Detection of bidirectional promoter-derived lncRNAs from small-scale samples using pre-amplification-free directional RNA-seq method

Development of high-throughput sequencing technologies has uncovered the immensity of the long noncoding RNA (lncRNA) world. Divergently transcribed lncRNAs from bidirectional gene promoters, called promoter-associated noncoding RNAs (pancRNAs), account for ~20% of the total number of lncRNAs, and this major fraction is involved in many biological processes, such as development and cancer formation. Recently, we have found that the pancRNAs activate their partner genes, as represented by the fact that pancIl17d, a pancRNA that is transcribed from the antisense strand of the promoter region of Interleukin 17d (Il17d) at the onset of zygotic gene activation (ZGA), is essential for mouse preimplantation development through Il17d upregulation. The discovery of the expression of a specific set of pancRNAs during ZGA was achieved by using a method that generates directional RNA-seq libraries from small-scale samples.

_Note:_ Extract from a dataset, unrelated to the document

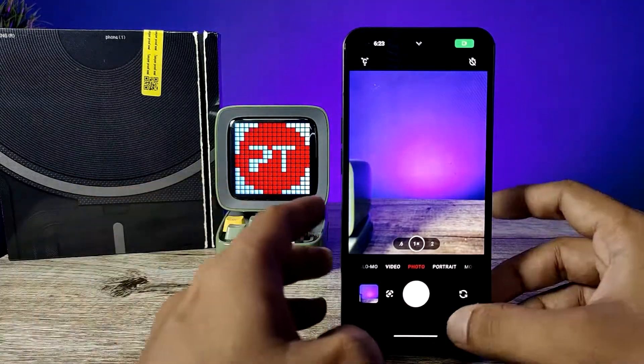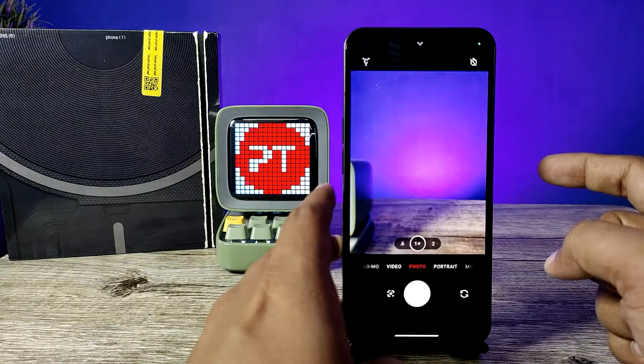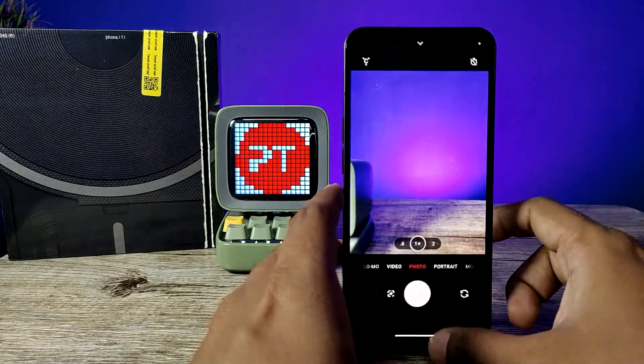Now if you double press the power button, it will automatically open the camera on any screen. So on the lock screen also, you can double press the power button to open the camera.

Although there are several methods available for small-scale samples, most of them require a pre-amplification procedure that frequently generates some amplification biases toward a subset of transcripts. We provide here a highly sensitive and reproducible method based on the preparation of directional RNA-seq libraries from as little as 100 mouse oocytes or embryos without pre-amplification for the quantification of lncRNAs as well as mRNAs.